Vertical-Up Gas Tungsten Arc Welding of Ti6Al4V Alloy and Characterization

[+] Author and Article Information
R. K. Gupta

Materials and Mechanical Entity,
Vikram Sarabhai Space Centre,
Trivandrum 695022, India
e-mail: rohitkumar_gupta@vssc.gov.in

Paul G. Panicker, Vinu Paul, G. Radhakrishnan, L. Rajesh, V. Rajesh, P. Ramkumar, Shibu Gopinath

Materials and Mechanical Entity,
Vikram Sarabhai Space Centre,
Trivandrum 695022, India

1Corresponding author.

Contributed by the Materials Division of ASME for publication in the JOURNAL OF ENGINEERING MATERIALS AND TECHNOLOGY. Manuscript received June 26, 2015; final manuscript received December 30, 2015; published online February 3, 2016. Assoc. Editor: Vikas Tomar.
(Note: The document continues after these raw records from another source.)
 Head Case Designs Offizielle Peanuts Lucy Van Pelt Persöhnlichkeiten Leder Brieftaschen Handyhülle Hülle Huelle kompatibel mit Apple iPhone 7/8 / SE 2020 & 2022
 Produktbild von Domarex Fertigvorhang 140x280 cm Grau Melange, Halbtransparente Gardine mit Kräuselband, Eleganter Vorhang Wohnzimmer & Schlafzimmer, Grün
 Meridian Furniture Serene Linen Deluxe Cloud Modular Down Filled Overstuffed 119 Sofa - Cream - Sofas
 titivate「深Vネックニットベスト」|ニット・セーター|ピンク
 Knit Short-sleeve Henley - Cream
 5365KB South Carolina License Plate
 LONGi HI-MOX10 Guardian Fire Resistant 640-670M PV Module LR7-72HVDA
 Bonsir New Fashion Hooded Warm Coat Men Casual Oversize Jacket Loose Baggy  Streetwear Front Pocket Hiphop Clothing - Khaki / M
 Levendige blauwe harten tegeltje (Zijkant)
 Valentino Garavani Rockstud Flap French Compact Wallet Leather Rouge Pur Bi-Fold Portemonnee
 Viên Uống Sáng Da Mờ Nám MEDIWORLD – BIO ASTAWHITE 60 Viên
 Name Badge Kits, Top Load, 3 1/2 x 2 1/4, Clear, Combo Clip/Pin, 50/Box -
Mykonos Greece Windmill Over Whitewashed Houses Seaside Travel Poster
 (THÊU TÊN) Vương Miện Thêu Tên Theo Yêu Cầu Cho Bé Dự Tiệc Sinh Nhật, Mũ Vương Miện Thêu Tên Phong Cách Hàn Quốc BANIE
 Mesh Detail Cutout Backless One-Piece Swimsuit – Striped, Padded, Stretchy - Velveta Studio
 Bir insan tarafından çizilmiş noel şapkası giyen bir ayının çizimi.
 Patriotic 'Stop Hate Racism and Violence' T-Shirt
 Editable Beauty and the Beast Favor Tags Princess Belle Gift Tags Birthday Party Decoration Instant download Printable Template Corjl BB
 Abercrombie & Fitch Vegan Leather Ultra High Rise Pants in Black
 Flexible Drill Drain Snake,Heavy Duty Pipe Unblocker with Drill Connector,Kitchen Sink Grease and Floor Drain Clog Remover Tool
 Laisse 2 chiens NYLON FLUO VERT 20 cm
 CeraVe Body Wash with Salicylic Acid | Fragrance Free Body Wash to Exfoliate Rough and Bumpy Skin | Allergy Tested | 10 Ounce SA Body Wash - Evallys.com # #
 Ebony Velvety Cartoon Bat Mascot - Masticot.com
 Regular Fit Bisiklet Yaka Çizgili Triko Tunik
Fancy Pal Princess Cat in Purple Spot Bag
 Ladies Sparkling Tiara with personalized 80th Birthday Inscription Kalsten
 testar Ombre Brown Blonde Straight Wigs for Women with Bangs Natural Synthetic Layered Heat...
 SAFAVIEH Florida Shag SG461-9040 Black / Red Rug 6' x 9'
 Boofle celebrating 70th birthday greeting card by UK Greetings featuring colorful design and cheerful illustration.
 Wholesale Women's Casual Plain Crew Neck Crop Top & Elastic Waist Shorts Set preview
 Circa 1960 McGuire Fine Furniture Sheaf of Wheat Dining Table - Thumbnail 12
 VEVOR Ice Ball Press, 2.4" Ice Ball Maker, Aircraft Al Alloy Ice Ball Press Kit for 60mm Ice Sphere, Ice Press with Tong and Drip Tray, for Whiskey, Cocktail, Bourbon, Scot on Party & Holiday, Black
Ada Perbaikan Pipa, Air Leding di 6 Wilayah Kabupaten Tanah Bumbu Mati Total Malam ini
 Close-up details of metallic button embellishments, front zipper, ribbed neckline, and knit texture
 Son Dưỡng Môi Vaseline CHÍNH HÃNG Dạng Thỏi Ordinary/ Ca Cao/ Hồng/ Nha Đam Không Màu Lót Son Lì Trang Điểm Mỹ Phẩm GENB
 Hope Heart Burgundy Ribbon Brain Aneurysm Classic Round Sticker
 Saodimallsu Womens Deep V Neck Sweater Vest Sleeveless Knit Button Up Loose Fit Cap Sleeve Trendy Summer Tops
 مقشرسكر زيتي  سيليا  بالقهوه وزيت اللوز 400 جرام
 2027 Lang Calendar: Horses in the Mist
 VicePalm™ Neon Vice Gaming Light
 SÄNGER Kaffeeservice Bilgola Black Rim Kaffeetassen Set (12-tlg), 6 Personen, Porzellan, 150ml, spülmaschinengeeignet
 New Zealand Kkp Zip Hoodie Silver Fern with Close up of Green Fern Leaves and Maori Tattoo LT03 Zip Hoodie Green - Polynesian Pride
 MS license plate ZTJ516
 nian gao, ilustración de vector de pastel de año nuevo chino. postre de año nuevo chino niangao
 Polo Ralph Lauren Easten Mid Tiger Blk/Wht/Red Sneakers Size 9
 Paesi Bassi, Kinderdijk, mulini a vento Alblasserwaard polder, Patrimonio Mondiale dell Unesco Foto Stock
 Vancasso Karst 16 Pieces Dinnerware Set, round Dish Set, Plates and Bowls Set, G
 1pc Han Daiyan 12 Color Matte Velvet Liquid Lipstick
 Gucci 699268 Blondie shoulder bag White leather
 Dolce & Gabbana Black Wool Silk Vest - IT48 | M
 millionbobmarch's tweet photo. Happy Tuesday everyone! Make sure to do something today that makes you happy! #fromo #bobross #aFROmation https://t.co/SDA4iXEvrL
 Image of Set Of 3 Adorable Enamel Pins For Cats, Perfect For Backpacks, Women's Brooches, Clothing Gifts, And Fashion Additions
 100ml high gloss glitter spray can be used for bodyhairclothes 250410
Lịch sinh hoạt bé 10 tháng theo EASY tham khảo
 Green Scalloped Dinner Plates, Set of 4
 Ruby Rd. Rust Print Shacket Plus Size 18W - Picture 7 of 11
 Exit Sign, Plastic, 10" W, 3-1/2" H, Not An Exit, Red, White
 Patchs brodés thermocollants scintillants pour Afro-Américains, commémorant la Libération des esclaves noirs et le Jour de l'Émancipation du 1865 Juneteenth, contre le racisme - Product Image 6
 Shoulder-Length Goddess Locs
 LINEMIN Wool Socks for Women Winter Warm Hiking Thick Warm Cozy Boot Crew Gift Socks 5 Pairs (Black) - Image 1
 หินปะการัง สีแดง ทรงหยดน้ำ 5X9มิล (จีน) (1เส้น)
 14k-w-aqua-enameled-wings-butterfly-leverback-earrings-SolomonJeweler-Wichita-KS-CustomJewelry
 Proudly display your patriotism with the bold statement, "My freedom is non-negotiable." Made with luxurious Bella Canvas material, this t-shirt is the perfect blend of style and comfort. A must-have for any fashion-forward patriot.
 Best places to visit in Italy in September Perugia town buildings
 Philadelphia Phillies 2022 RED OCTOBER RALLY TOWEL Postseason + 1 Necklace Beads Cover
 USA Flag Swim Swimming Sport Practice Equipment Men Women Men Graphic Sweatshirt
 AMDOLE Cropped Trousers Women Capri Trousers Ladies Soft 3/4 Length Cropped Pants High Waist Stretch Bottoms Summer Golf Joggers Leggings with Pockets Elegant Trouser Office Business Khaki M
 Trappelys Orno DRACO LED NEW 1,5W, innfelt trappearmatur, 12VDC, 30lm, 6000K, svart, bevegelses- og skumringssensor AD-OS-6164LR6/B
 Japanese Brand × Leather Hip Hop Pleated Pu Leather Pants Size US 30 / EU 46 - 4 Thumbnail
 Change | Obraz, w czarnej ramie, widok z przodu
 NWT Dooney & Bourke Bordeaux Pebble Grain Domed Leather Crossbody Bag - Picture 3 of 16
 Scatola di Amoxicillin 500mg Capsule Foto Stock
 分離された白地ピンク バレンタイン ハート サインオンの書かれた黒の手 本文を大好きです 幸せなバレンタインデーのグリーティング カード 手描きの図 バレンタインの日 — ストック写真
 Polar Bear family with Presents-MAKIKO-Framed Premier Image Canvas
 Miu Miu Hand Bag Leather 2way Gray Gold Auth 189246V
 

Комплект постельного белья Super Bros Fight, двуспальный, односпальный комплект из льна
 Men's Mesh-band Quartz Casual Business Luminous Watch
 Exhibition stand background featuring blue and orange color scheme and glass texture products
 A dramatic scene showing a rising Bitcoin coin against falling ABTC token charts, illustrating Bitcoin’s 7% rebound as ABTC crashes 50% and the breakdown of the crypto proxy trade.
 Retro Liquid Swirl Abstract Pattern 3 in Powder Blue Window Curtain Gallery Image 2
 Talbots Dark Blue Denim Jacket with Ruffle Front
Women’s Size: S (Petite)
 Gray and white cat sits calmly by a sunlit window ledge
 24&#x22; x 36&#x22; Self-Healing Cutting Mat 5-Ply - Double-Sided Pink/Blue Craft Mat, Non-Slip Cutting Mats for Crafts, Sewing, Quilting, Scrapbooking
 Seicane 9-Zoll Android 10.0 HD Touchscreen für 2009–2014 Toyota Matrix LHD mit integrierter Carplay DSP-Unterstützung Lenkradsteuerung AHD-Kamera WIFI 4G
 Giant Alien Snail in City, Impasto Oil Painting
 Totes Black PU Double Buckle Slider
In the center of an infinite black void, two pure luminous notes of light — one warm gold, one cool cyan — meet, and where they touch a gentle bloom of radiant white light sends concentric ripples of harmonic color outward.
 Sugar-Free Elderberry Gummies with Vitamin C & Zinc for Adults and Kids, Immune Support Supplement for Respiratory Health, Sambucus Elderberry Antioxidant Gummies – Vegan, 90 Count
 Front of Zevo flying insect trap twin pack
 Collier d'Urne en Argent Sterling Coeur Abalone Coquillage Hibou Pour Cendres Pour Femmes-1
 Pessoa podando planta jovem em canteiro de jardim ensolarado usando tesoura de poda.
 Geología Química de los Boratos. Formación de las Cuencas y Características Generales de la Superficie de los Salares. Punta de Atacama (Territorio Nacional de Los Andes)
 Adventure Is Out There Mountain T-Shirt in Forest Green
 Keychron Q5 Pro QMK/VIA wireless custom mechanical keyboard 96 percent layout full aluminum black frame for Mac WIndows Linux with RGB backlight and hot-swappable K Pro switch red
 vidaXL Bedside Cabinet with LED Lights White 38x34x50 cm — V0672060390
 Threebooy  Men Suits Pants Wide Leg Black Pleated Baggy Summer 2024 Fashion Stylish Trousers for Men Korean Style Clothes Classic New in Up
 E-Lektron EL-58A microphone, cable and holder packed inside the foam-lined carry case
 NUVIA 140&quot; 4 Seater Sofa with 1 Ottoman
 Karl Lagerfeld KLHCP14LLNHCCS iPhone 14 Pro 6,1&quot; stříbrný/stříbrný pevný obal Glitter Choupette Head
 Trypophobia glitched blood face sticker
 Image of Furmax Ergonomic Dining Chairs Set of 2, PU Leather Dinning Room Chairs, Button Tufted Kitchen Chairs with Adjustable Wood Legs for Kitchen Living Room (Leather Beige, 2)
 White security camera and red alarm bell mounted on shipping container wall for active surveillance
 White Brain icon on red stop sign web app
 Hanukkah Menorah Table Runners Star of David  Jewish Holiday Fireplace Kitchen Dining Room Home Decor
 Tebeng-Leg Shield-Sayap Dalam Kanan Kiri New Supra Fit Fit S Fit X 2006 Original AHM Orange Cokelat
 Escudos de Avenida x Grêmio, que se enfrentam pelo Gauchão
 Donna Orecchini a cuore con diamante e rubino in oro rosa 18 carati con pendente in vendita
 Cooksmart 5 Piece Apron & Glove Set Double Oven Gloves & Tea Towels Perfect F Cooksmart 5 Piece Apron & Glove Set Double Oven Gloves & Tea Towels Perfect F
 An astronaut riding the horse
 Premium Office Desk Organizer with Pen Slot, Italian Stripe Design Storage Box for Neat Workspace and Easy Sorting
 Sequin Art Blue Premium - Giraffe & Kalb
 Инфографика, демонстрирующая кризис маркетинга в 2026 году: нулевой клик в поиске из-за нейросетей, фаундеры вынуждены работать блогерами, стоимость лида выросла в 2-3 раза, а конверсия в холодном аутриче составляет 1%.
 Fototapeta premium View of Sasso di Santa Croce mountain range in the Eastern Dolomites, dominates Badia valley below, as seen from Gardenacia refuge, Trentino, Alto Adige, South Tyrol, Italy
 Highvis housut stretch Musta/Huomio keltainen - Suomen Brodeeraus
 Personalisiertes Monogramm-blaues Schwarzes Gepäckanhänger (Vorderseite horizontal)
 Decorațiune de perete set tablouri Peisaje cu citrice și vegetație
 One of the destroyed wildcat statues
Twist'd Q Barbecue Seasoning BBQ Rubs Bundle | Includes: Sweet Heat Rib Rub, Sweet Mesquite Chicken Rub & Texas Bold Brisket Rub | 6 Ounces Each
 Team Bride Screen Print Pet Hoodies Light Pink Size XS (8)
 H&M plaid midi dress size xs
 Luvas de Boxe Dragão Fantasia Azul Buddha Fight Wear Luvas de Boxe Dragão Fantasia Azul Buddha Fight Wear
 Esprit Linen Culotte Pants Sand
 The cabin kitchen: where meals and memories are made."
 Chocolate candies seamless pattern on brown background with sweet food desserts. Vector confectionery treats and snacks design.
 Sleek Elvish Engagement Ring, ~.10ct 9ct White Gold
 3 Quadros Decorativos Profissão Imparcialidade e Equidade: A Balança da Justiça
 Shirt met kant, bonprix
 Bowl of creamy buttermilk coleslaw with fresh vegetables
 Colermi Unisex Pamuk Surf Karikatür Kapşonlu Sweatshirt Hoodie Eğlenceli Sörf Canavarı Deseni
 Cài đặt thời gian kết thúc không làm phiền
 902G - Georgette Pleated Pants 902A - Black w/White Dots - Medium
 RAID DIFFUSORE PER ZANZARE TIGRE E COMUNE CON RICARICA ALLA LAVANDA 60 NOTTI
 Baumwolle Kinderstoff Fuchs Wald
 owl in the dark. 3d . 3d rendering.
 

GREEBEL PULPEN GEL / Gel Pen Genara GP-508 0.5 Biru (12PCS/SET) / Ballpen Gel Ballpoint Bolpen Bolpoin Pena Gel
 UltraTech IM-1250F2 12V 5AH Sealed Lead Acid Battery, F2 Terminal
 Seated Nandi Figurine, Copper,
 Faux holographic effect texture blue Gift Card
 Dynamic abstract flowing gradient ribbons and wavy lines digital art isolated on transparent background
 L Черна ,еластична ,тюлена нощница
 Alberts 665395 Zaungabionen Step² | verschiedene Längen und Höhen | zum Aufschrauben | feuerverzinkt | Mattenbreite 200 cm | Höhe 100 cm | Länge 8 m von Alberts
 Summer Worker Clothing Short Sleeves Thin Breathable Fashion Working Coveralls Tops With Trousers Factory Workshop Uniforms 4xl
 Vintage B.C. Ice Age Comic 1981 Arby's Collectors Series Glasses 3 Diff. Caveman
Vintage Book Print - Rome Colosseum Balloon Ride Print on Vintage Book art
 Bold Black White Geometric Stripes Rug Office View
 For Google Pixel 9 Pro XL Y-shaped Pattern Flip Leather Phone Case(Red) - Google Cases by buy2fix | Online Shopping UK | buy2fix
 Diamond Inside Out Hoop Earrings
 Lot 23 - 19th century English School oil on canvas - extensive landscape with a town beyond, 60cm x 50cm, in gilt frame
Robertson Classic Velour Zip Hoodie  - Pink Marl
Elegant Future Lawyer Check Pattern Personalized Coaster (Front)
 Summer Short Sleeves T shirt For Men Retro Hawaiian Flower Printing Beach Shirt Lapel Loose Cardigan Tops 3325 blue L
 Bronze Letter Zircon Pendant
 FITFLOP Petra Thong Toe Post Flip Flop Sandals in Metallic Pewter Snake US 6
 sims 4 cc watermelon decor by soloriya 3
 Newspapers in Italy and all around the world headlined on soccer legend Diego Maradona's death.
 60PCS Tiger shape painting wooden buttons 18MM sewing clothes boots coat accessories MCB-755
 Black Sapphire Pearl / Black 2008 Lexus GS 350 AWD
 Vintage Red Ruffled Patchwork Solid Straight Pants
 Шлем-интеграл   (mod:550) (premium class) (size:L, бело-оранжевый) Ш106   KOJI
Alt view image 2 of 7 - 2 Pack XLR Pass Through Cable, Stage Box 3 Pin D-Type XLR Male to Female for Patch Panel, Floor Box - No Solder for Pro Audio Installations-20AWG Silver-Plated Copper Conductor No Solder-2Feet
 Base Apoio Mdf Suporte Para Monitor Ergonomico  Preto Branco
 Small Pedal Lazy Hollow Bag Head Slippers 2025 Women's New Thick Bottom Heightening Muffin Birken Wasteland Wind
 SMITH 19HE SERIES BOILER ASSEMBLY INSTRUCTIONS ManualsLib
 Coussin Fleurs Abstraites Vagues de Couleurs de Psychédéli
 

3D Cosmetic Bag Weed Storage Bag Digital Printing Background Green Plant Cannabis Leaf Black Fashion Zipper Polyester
J. Eng. Mater. Technol 138(2), 021007 (Feb 03, 2016) (5 pages) Paper No: MATS-15-1146; doi: 10.1115/1.4032485 History: Received June 26, 2015; Revised December 30, 2015

Gas tungsten arc (GTA) welding of Ti alloy Ti6Al4V is carried out in vertical-up direction. Weld parameters for the Ti6Al4V alloy were developed using Ti6Al4V (ELI) alloy filler wire and following two pass welding process. X-ray radiography was carried out to ensure the soundness of the weld. Tensile strength of the weldment was evaluated and microstructure characterization was carried out. It is observed that specimens mostly failed in heat affected zone (HAZ) area toward parent material with occasional failure at the weld. Microhardness mapping and microstructural analysis revealed HAZ as the weaker zone, where dissolution of α and formation of β have initiated. Due to moderate cooling rate at this zone, microstructure remained α–β, whereas weld microstructure is found to have martensitic α′ resulting in an increase in the microhardness. Yield strength (YS) of weldment is found to be more than 90% of parent metal (PM) and also reduction in elongation is noted. Fractography observations of failed specimen away from the weld show mainly ductile failure. Weldment failure fractography shows the presence of dendrite indicating failure near the fusion line.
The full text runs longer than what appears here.